══ The data ══
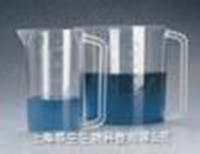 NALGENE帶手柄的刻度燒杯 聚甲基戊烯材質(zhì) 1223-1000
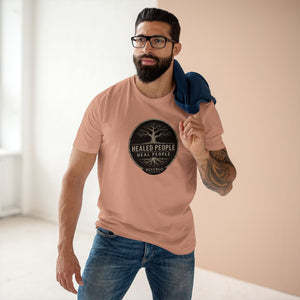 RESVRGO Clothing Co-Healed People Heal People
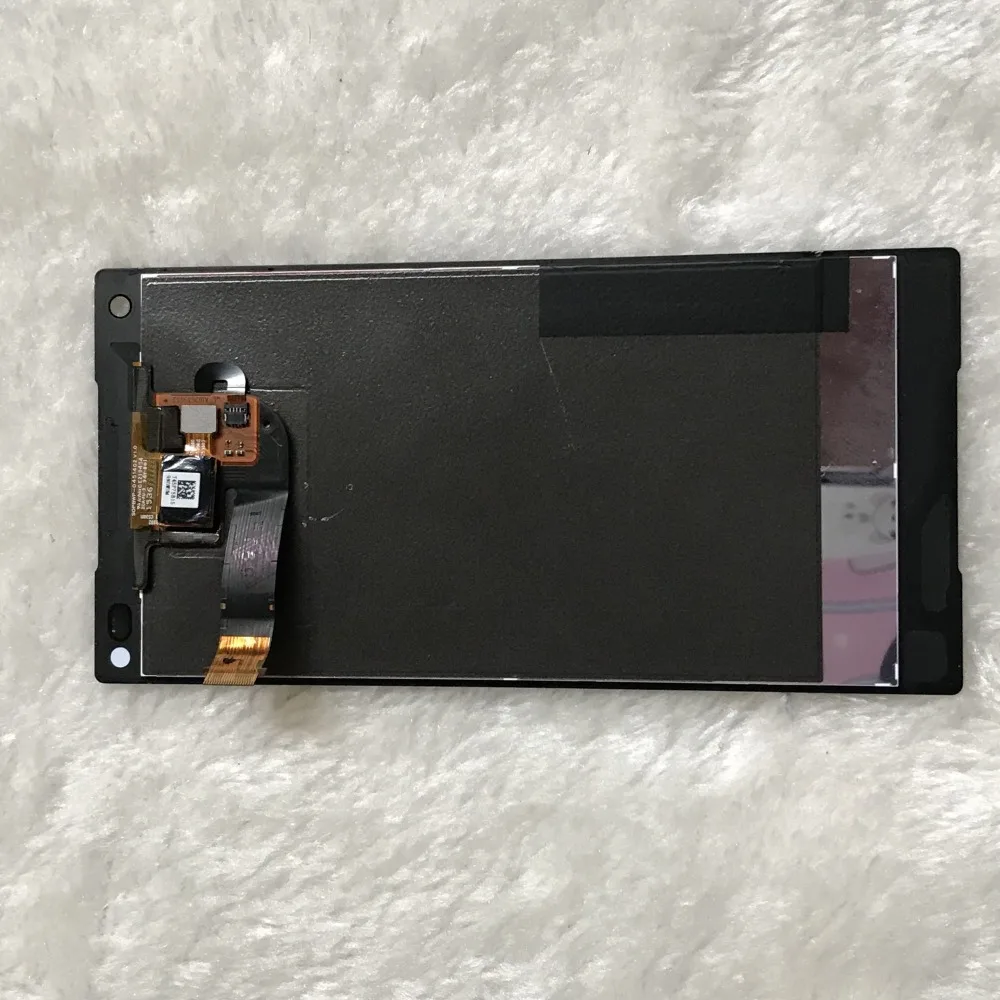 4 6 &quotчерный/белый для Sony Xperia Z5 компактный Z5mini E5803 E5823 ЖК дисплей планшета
═══
*Task*
Quote the preceding listing precisely and completely, omitting its images.

*Result for this exercise*
 NALGENE帶手柄的刻度燒杯 聚甲基戊烯材質(zhì) 1223-1000
 RESVRGO Clothing Co-Healed People Heal People
 4 6 &quotчерный/белый для Sony Xperia Z5 компактный Z5mini E5803 E5823 ЖК дисплей планшета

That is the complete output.